In situ modification of CaF2-SiO2-Al2 O3-MgO flux applied in the aluminium-assisted transfer of titanium in the submerged arc welding of carbon steel : process mineralogy and thermochemical analysis

Abstract

Flux formulations are specified to target chemical and physico-chemical parameters. Chemical parameters set flux element transfer behaviours and weld metal oxygen contents. Physicochemical parameters such as slag viscosity, surface tension and melting range are targeted to ensure an acceptable weld bead profile and surface appearance. Slag detachability is an important physicochemical property required to ensure high welding productivity, smooth weld bead surface and no slag entrapment. Here, bead-on-plate welding tests were made with and without metal powder additions, including aluminium powder as a de-oxidiser. Difficult slag detachability was observed in weld runs made with metal powder additions. Mineralogy of the post-weld slags, and thermochemical calculations, show that the flux was modified due to the aluminothermic reduction of MnO and SiO2 from the slag to form alumina.
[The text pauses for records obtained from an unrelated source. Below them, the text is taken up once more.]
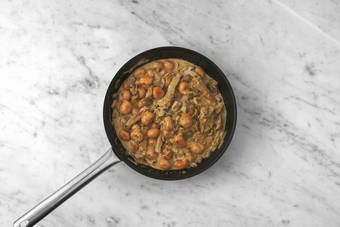 Gnocchipfanne fertig stellen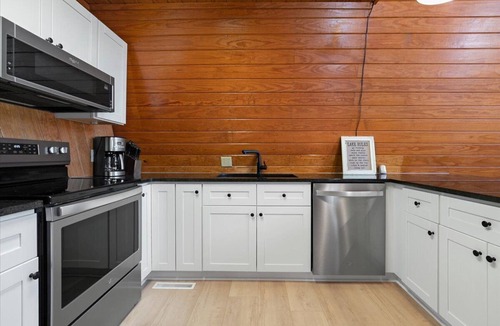 New London Cabin | Lakefront Retreat on Quiet Cove, Dock, Fire Pit, King Bed- close to Uwharrie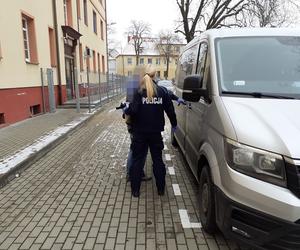 Bełkotał w sądzie i trafił do aresztu, bo ilość wypitego alkoholu znieważyła sąd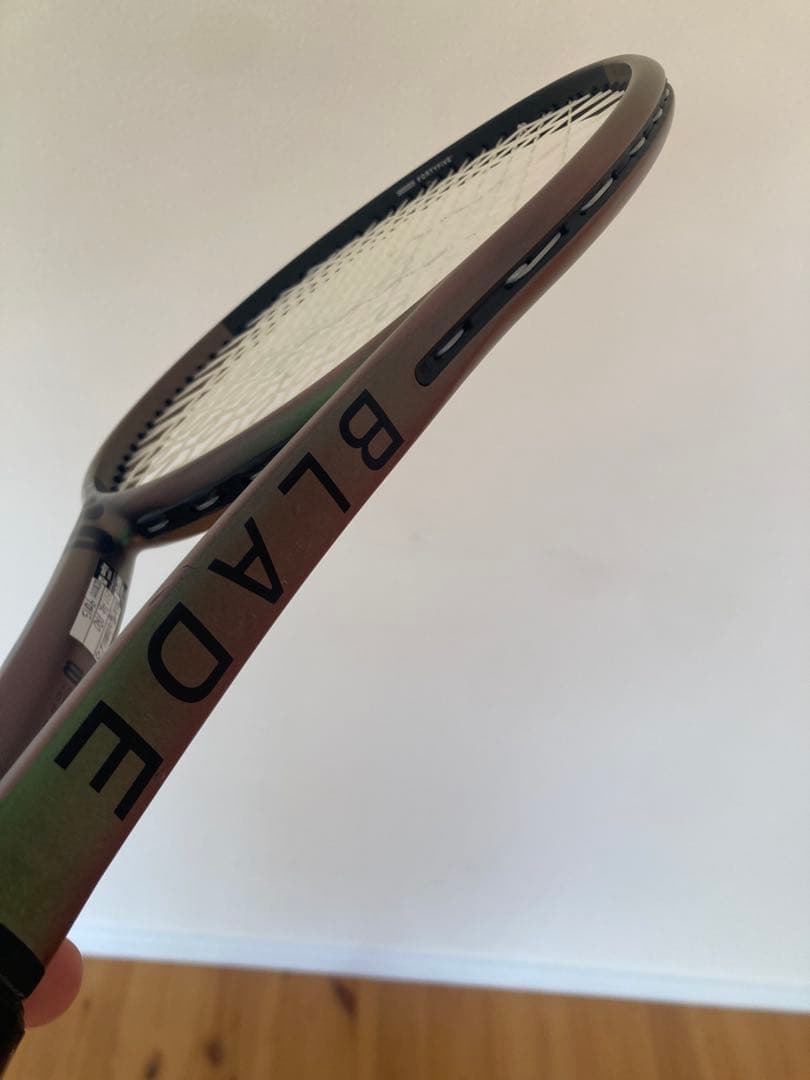 ラケット(硬式用) BLADE 100 V8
Increased quantities of spinel phase were identified in the post-weld slag samples, at the weld pool–slag interface. The combined effect of increased slag viscosity, from increased spinel in the slag, and lowered weld pool solidus temperature, resulted in the formation of a rough bead surface morphology, which, in turn, caused mechanical fixation of the slag to the weld bead. Flux modification to higher CaF2 content should ensure that higher quantities of spinel phase can be tolerated in the slag.